One would expect these to be opposites, and they are. Their linkage to Aspie and/or neurotypical scores seems less obvious. Without deeper knowledge about this, it would be hard to believe any of them are relevant to being Aspie or neurotypical. The fact is that 1 is related to Aspie score and 2 is related to neurotypical score.

The traits related to a preference to have friends of the same gender are in the neurotypical compulsion group, and especially Do you prefer the company of those of the same generation as yourself? So, neurotypicals seems to have a preference to socialize in same-age groups and primarily with people of the same gender when it comes to friendships and with the opposite gender for relationships. This is hardly news as these traits cannot be missed in society.

The question about a preference to have friends of the opposite gender has different relations. It is related to:

  1. Have you experienced stronger than normal attachments to certain people?
  2. Do you tend to lean towards your partner when you are at a restaurant or party?
  3. Do you tend to become obsessed with a potential partner and cannot let go of him/her?

These are the partner-obsession traits previously analysed in Aspie relationships. These traits group in the environmental group and in the Aspie communication group. They are related to environmental traits like depression because they give big problems in a society that think friendships are between peers of the same gender. The relation to Aspie communication is probably the natural connection.

These results have implications about how the natural social environment of Aspies work. If it is not based on same-gender, age-matched friendships, how does it work? A good guess might be that friendships does not even exist in the natural Aspie environment. What does exist is group-bonding, and the bonds primarily seem to exist between people of the opposite gender. A good guess would also be that what looks like opposite gender friendships naturally develop into relationships over time. This is why this trait is related to relationship questions. The previous finding that being in love in more than one person at the time is an Aspie relationship-type-of-trait fits nicely into the picture, because this indeed indicates a group-bonded social context rather than a monogamous, male-female social context.

Other indicative traits are these:

  1. Do you prefer to only meet people you know, one-on-one, or in small, familiar groups?
  2. Do you feel uncomfortable with strangers?

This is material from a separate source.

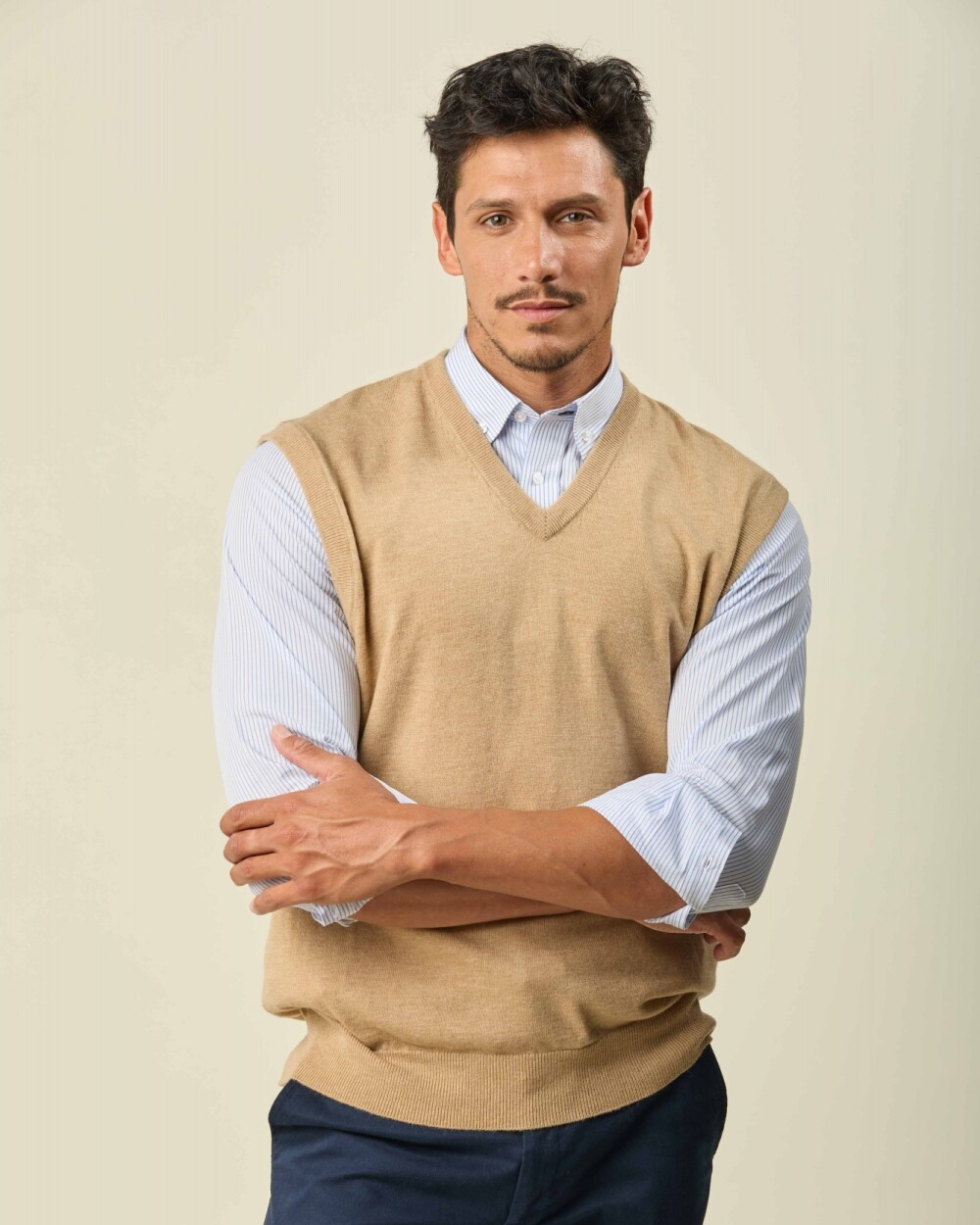 Chaleco Lambswool Escote V Beige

The above traits also indicate a preference for being with the same people all the time, and being reluctant to socialize with strangers. However, they do not point in the direction of a single male-female social context which exist in other primate species. These traits taken together point to a closed group social environment with no pair-bonding within.

As with the relationship traits, the correlation with Aspie score is weak, and thus this way of functioning cannot be generalized to the whole group.